Requirement: Pictures must not appear in your answer. Write out exactly the lines from the one with "Afralia™ Solid Stripe" through the last line of the entries below.

Data extracted from a collection:

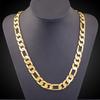 Fashion Figaro 18K Golden Plated Thick Chain Necklace, Trendy Pendant Necklace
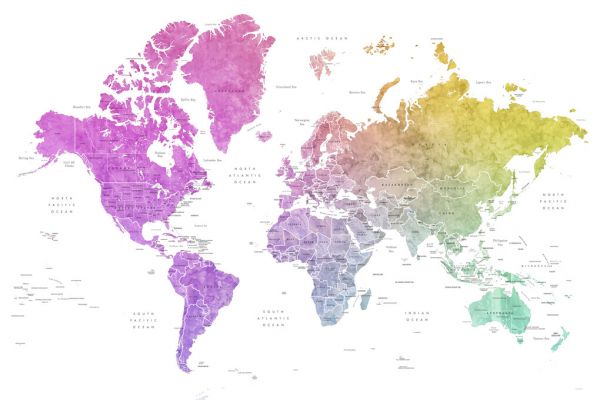 輸入壁紙 カスタム壁紙 PHOTOWALL / World Map with Countries (e325714)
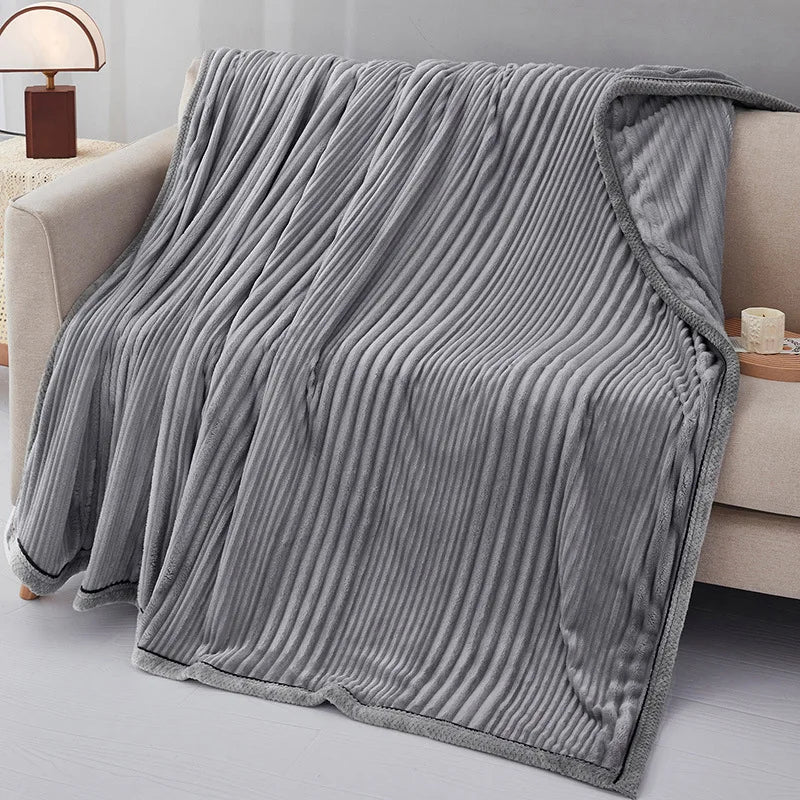 Afralia™ Solid Stripe Faux Rabbit Blanket Flannel for All Seasons, Single Double Bed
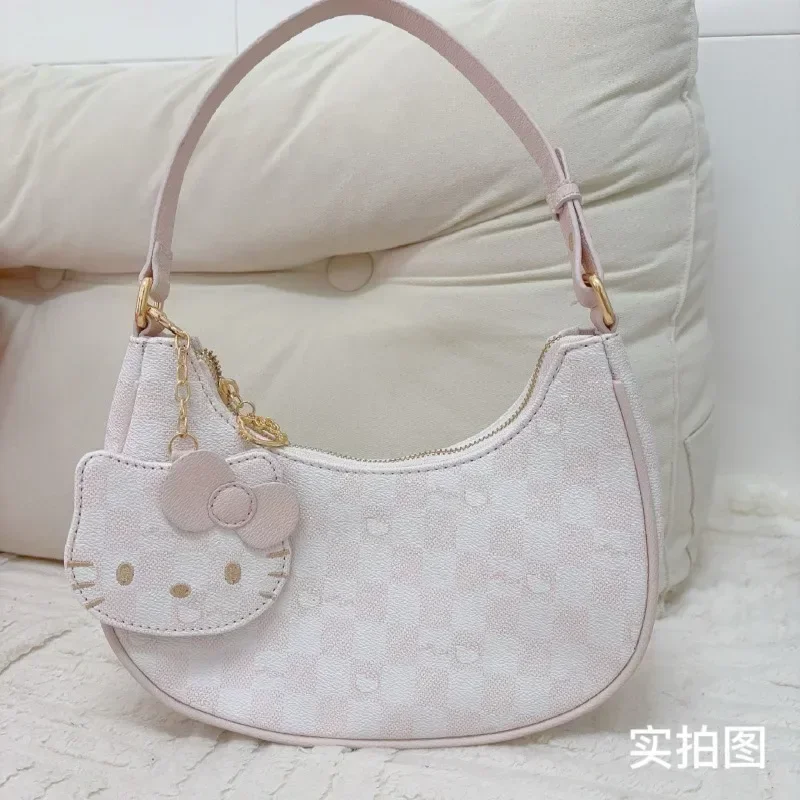 

Hello Kitty Handbags Purses Luxury Designer PU Leather Tote Mini Size Underarm Bag Kawaii with Pendant and Zipper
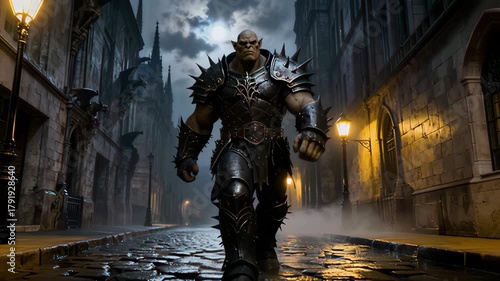 Menacing armored warrior walking confidently through dark foggy city street at night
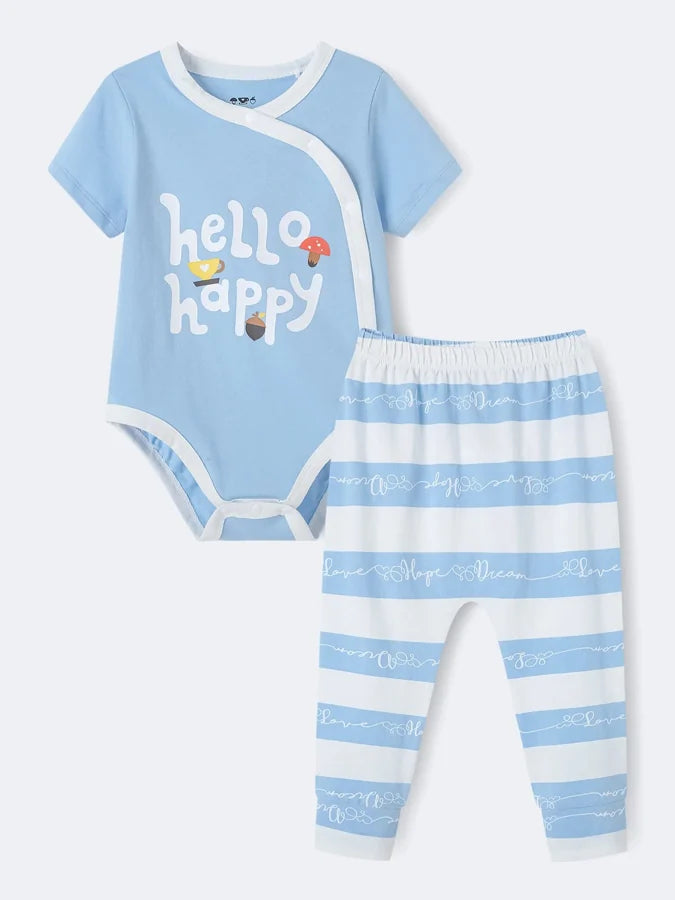 Baby Short Sleeve Stripes Bodysuit And Leggings Set, Blue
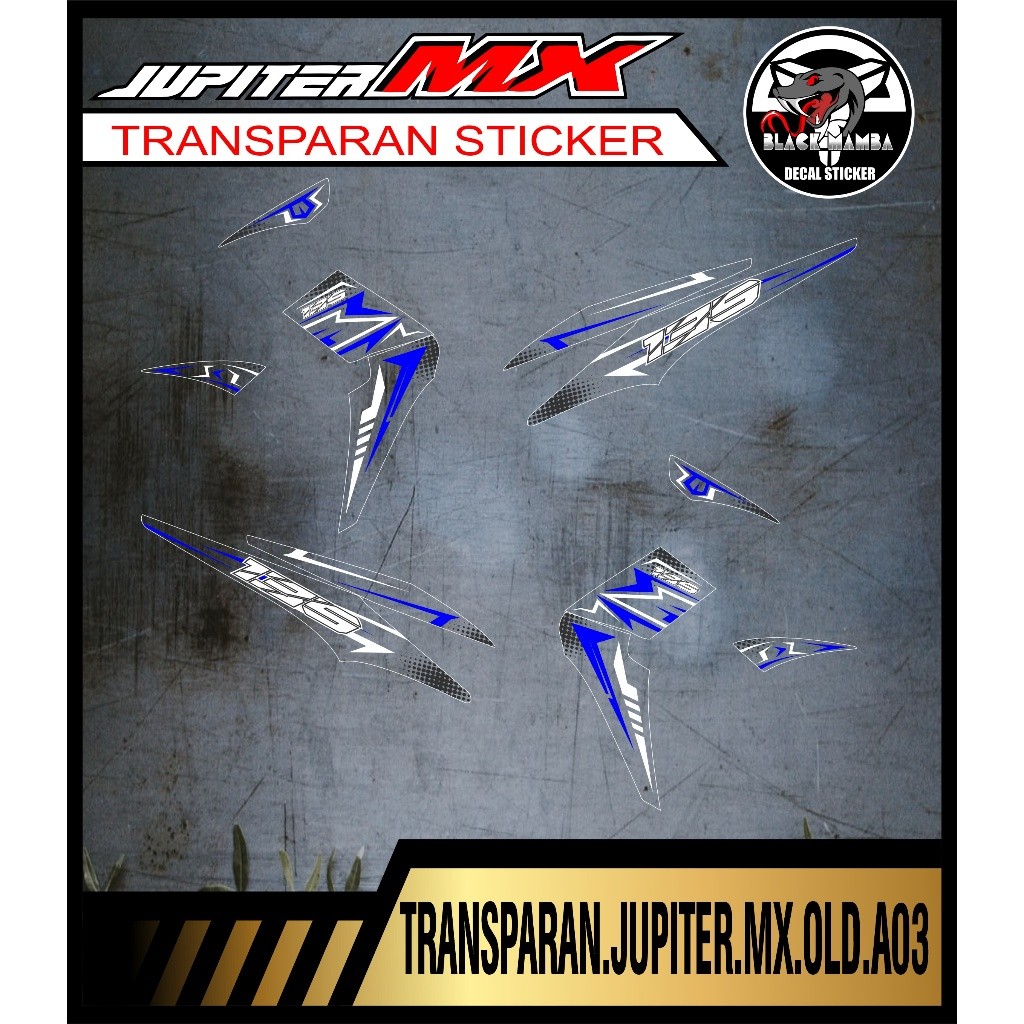 Striping  TRANSPARAN JUPITER MX OLD STICKER TRANSPARAN YAMAHA JUPITER MX OLD code A03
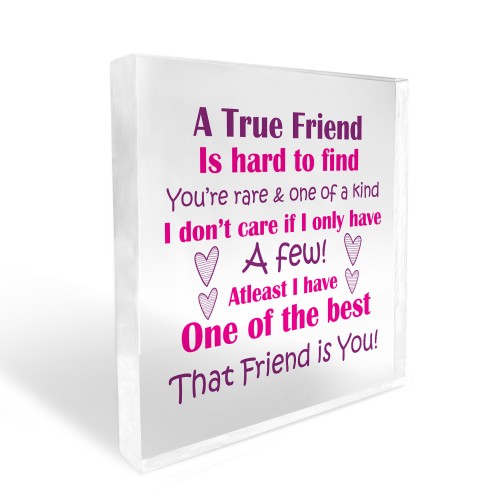 True Friend Gift For Birthday Christmas Plaque Best Friend 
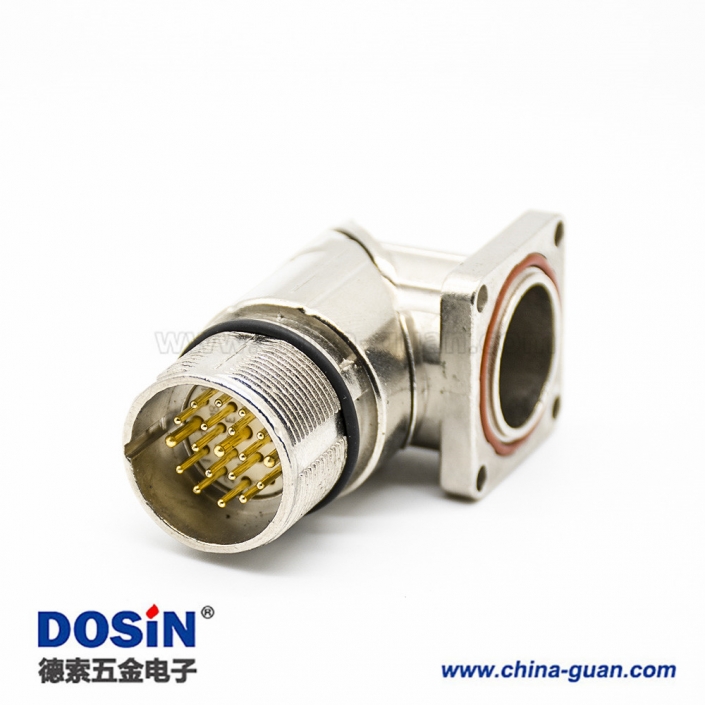 M23编码器M23弯座19芯针公头面板安装四孔法兰带屏蔽 M23编码器M23弯座19芯针公头面板安装四孔法兰带屏蔽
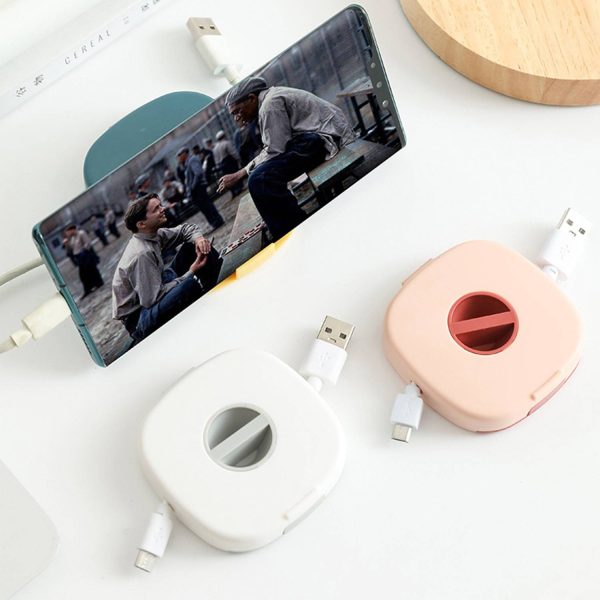 Portable Rotatable Cable Organizer with phone stand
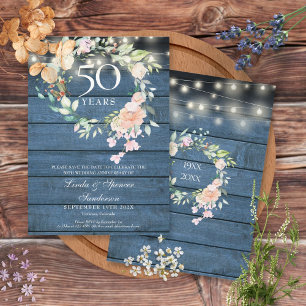 Save The Date 50e Anniversaire Bleu Rustique Flore Lumières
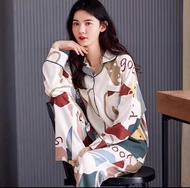 Korean Long Sleeve Cotton Sleepwear Pajama Set For Women Nightwear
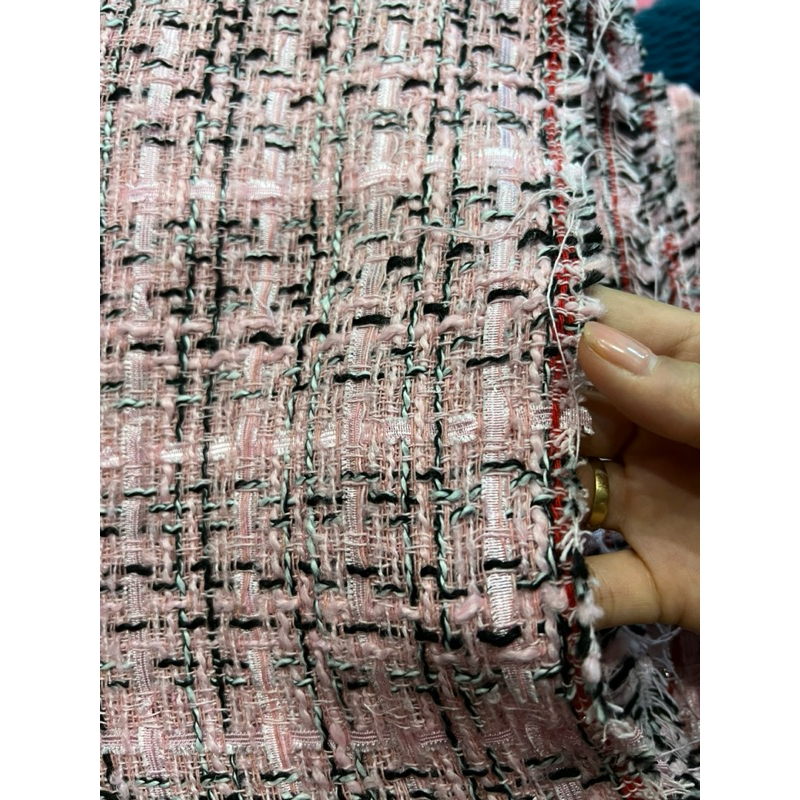 Vải dạ tweed đính kim sa sang trọng may áo váy, trang trí bó hoa khổ 1m6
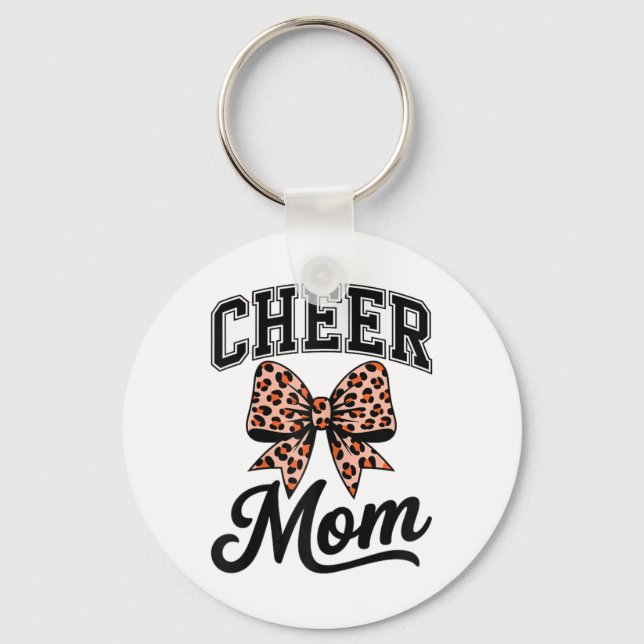 Stylish Cheer Mom Leopard Print Bow  Keychain (Front)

Answer for this exercise:
 Afralia™ Solid Stripe Faux Rabbit Blanket Flannel for All Seasons, Single Double Bed

Hello Kitty Handbags Purses Luxury Designer PU Leather Tote Mini Size Underarm Bag Kawaii with Pendant and Zipper
 Menacing armored warrior walking confidently through dark foggy city street at night
 Baby Short Sleeve Stripes Bodysuit And Leggings Set, Blue
 Striping  TRANSPARAN JUPITER MX OLD STICKER TRANSPARAN YAMAHA JUPITER MX OLD code A03
 True Friend Gift For Birthday Christmas Plaque Best Friend 
 M23编码器M23弯座19芯针公头面板安装四孔法兰带屏蔽 M23编码器M23弯座19芯针公头面板安装四孔法兰带屏蔽
 Portable Rotatable Cable Organizer with phone stand
 Save The Date 50e Anniversaire Bleu Rustique Flore Lumières
 Korean Long Sleeve Cotton Sleepwear Pajama Set For Women Nightwear
 Vải dạ tweed đính kim sa sang trọng may áo váy, trang trí bó hoa khổ 1m6
 Stylish Cheer Mom Leopard Print Bow  Keychain (Front)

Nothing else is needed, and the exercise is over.